Background information
- Origin: Birmingham, England
- Genres: Country
- Years active: 2010–present
- Members: Lou Dalgleish & Michael Weston King
- Website: mydarlingclementinemusic.co.uk

= My Darling Clementine (duo) =

English country music duo

My Darling Clementine is an English country music duo who formed in 2010 in Birmingham, England.

== History ==
The band was formed by Birmingham-based couple Michael Weston King and Lou Dalgleish. After a decade of marriage, they began to perform together in 2010 as My Darling Clementine.

Prior to My Darling Clementine, Lou Dalgleish worked with Bryan Ferry, Steven Spielberg and The Brodsky Quartet. From 1993 to 2000, she released four albums (including the acclaimed Live at Ronnie Scotts). In 2001, Dalgleish wrote and appeared in the play "They Call Her Natasha", a story of obsession and infatuation, based around a series of Elvis Costello songs, which was first performed at the Edinburgh Festival.

Michael Weston King is the former leader of The Good Sons, who Mojo magazine dubbed as 'England's very own Uncle Tupelo.' King has released 10 solo albums and four more albums with The Good Sons, and has also collaborated with Chris Hillman, Ron Sexsmith, Jackie Leven and Townes Van Zandt (who cut his own version of King's song "Riding The Range").
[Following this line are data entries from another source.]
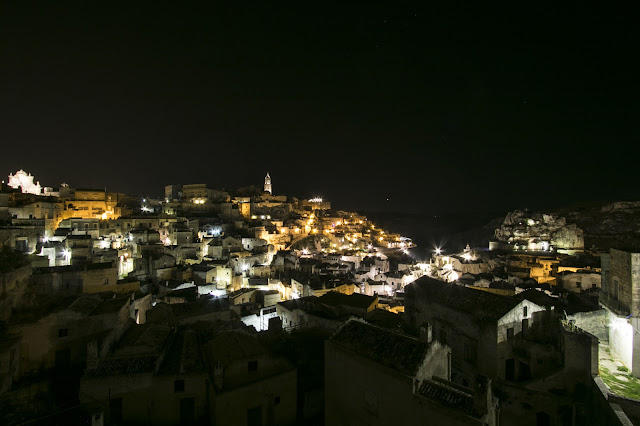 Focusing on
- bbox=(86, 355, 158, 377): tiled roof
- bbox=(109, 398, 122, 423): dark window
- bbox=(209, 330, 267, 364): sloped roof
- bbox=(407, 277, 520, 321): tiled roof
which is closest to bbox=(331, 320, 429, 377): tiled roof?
bbox=(209, 330, 267, 364): sloped roof

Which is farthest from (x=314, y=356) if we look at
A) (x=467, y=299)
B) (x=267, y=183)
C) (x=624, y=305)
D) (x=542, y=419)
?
(x=267, y=183)

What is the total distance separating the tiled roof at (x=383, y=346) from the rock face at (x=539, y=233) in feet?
140

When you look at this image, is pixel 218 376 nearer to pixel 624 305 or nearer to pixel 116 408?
pixel 116 408

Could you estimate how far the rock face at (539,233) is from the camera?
41156mm

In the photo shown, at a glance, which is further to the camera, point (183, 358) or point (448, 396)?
point (183, 358)

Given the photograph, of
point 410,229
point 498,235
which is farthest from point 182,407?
point 410,229

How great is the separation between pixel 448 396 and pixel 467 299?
654 centimetres

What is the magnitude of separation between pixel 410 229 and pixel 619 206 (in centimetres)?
5838

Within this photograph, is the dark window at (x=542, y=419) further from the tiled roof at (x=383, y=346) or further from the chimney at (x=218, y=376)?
the chimney at (x=218, y=376)

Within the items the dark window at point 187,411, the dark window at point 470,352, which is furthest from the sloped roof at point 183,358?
the dark window at point 470,352

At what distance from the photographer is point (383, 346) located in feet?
27.7

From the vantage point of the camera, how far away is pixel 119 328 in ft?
39.2

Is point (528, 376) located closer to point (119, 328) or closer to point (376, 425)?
point (376, 425)

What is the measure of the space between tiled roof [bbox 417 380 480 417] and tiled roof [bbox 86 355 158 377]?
7.61 metres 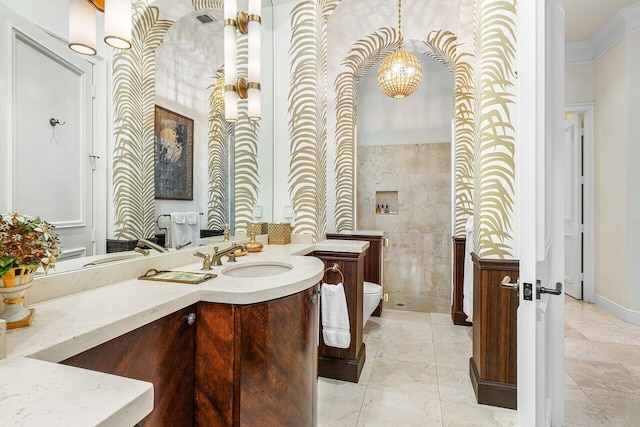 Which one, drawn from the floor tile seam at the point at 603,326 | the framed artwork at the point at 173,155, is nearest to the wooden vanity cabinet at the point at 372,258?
the floor tile seam at the point at 603,326

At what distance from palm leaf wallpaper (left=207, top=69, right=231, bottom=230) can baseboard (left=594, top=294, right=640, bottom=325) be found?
13.5 feet

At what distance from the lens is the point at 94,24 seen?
1.11m

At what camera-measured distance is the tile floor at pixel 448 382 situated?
177cm

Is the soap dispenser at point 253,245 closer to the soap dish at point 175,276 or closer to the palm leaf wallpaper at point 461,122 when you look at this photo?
the soap dish at point 175,276

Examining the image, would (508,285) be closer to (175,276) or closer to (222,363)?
(222,363)

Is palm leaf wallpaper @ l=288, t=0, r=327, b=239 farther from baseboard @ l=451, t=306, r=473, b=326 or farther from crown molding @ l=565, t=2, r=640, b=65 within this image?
crown molding @ l=565, t=2, r=640, b=65

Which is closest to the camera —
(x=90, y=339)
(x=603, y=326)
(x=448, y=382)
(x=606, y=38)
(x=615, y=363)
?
(x=90, y=339)

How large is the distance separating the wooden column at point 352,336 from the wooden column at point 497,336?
0.79 metres

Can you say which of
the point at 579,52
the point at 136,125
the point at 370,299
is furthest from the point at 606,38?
the point at 136,125

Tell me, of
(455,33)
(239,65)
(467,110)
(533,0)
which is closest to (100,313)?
(533,0)

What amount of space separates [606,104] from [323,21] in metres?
3.39

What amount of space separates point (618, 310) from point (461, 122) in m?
Answer: 2.66

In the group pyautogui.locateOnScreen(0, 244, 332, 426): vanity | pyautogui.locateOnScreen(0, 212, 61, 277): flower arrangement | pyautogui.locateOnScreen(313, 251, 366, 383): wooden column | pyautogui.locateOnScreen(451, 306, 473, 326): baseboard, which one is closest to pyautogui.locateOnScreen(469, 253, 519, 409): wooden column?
pyautogui.locateOnScreen(313, 251, 366, 383): wooden column

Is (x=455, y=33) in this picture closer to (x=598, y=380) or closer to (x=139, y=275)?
(x=598, y=380) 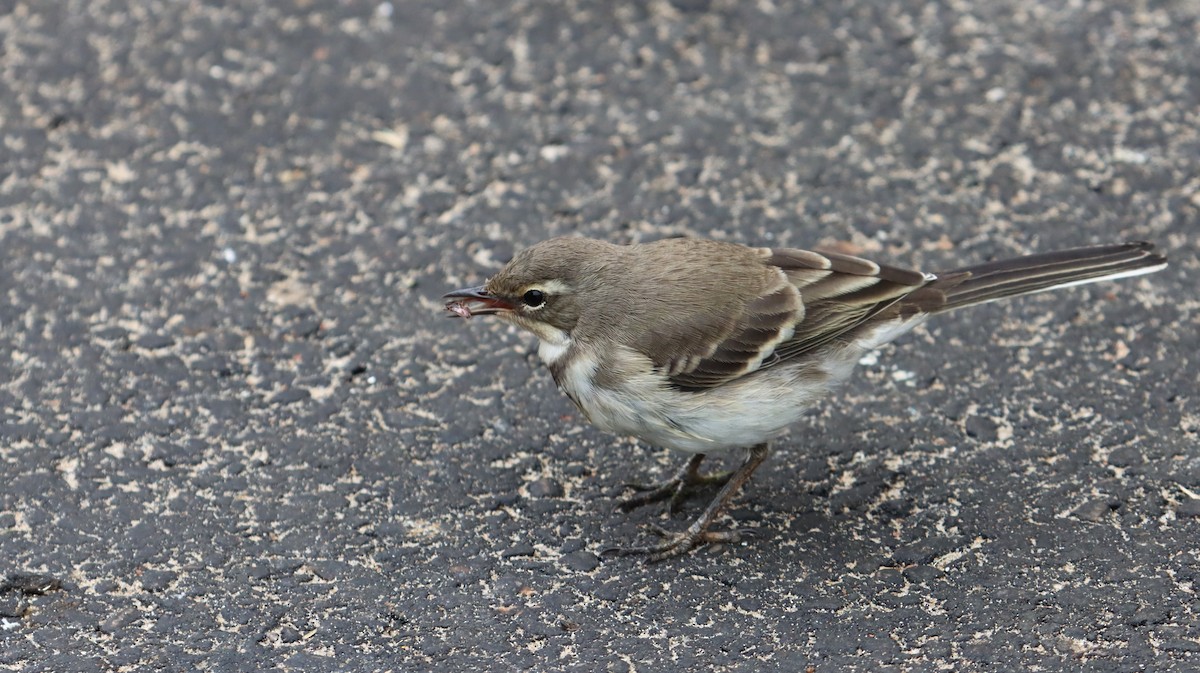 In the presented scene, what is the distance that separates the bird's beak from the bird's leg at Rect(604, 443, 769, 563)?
102cm

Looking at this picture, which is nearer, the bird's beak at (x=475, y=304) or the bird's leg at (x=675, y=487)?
the bird's beak at (x=475, y=304)

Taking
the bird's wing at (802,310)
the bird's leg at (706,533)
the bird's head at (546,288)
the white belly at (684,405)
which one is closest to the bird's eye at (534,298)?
the bird's head at (546,288)

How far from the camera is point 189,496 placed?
4.98m

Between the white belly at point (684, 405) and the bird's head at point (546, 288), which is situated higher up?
the bird's head at point (546, 288)

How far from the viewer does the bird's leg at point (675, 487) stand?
5.08 meters

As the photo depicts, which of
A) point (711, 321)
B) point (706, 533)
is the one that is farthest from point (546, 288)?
point (706, 533)

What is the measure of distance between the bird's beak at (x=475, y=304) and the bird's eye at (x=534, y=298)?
0.07m

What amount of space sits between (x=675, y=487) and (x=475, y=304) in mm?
1112

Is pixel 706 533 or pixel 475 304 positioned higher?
pixel 475 304

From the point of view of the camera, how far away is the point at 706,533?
4883 millimetres

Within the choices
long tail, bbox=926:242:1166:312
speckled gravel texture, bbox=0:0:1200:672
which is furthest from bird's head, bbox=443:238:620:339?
long tail, bbox=926:242:1166:312

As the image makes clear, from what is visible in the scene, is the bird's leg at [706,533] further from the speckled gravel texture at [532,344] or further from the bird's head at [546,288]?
the bird's head at [546,288]

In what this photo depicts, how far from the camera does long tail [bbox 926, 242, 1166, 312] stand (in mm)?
A: 5094

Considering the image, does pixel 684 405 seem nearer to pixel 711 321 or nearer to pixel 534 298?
pixel 711 321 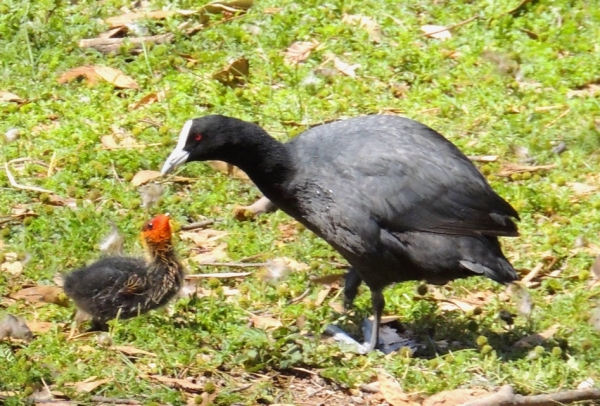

The instrumental touring band of My Darling Clementine has gathered together renowned British rock, country and blues musicians as guitarist Martin Belmont (Graham Parker & The Rumour, Nick Lowe, Elvis Costello, Ducks Deluxe), keyboardist Liam Grundy (Scotty Moore, James Burton), Bassist Kevin Foster (Jackie Leven, Ducks Deluxe, Los Pistoleros, Doll by Doll), drummer Neil Bullock (Chuck Berry, Ronnie Scott, Broadcast) and Pedal Steel guitarist Alan Cook (Chris Hillman, The Charlatans, Jackie Leven).

They released their first single "100,000 Words", in 2012.

In the same year, My Darling Clementine released their first album, "How do you plead?" The album received good reviews by the BBC, Guardian and went on earn them 2012 Americana Music Artist of the year at the British Country Music Awards

My Darling Clementine released their second album, "The Reconciliation?" in late 2013. The album was recorded at the Sheffield studio, Yellow Arch and produced by Colin Elliot, (Richard Hawley, Duane Eddy, Jarvis Cocker) and features special guest appearances from Kinky Friedman, The Brodsky Quartet & The Richard Hawley band.

In 2014, Michael Weston King and Lou Dalgleish performed a series of UK shows with crime writer Mark Billingham, billed as The Other Half after Billingham wrote his story "The Other Half" so named after one of the duo's songs.

An album of the same name was released in 2015, released by the publisher Little Brown / Hachette. It featured Guest appearances from actor David Morrissey, singer and songwriter Graham Parker, and The Brodsky Quartet. It was featured on BBC Radio 4.

In 2017, they released the soul and gospel influenced album Still Testifying Re-uniting with producer Neil Brockbank and the majority of musicians who appeared on the band's debut album including Martin Belmont, Geraint Watkins, Bob Loveday and newly added horn players Matt Holland, Nick Pentelow and Andy Wood. It was recorded at Gold Top / Gravity Shack in Tooting, South London.

==Musical style==

My Darling Clementine are influenced by the great American country duos from the 1960s and 1970s like Tammy Wynette and George Jones, or Johnny Cash and June Carter.

==Members==
- Singers
- Michael Weston King – vocals, guitar
- Lou Dalgleish – vocals
- Instrumental band
- Martin Belmont – guitar
- Liam Grundy – piano, organ
- Kevin Foster – bass
- Neil Bullock – drums
- Alan Cook – pedal steel guitar

==Discography==
- How Do You Plead? 2011
- The Reconciliation? 2013
- The Lucky Bag 2014 (Record Store Day – 10" vinyl EP)
- The Other Half 2015 (with Mark Billingham)
- The Riverbend 2016 (Record Store Day – 10" EP)
- Still Testifying 2017
- Country Darkness 2020 (collecting together Country Darkness Vol 1-3 EPs)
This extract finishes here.